Black-Eyed Susan
Black-Eyed Susan
A Small-Model RAG Assistant for Dental Insurance & Cost Transparency
1. The Problem
Dental front-desk teams spend a large share of their day answering the same handful of questions: "Is this procedure covered?" "What will I owe out of pocket?" "What does code D2740 mean?" "Do I need pre-authorization for this?"Answering correctly requires cross-referencing the patient's plan documents, the practice's fee schedule, and CDT procedure codes — tedious, repetitive, and low-ambiguity work that nonetheless eats staff time and creates a steady stream of billing surprises for patients.
This is exactly the kind of task that doesn't need a frontier model.
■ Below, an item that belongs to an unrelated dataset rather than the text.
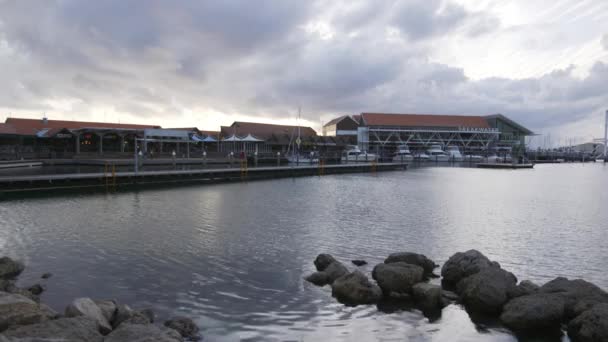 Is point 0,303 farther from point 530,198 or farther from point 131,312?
point 530,198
It's narrow, document-grounded, easy to validate against source material, and low-risk when a human stays in the loop for anything unusual. That makes it a good fit for a small model wired into a retrieval pipeline rather than a large, expensive one reasoning from scratch.
Black-Eyed Susan is a packaged product built around that idea: a small-model RAG assistant that answers patient benefit and cost-estimate questions by grounding every response in the practice's actual plan documents and fee schedules, with automatic escalation to staff whenever confidence is low or the question touches something more complex than a lookup.
2. Scope of the Task
Black-Eyed Susan is deliberately narrow. It handles:
- Explaining what a CDT procedure code covers in plain language
- Checking whether a specific procedure is covered under a patient's plan, based on the practice's ingested payer policy documents
- Producing a good-faith out-of-pocket cost estimate from the practice's fee schedule and the patient's benefit summary
- Flagging when pre-authorization or a waiting period applies, based on policy text
- Citing the specific plan document and section its answer came from
It explicitly does not:
- Submit claims, file appeals, or make any binding coverage determination
- Handle disputes, denials, or anything requiring judgment calls
- Give clinical or treatment advice
Anything outside that scope is routed to a staff member automatically. This boundary is what keeps a small model appropriate here — the task is real but bounded, and the cost of an occasional wrong answer is caught by both a confidence check and a human escalation path rather than left to the model's judgment alone.
3. Architecture
Patient question (portal / kiosk / SMS)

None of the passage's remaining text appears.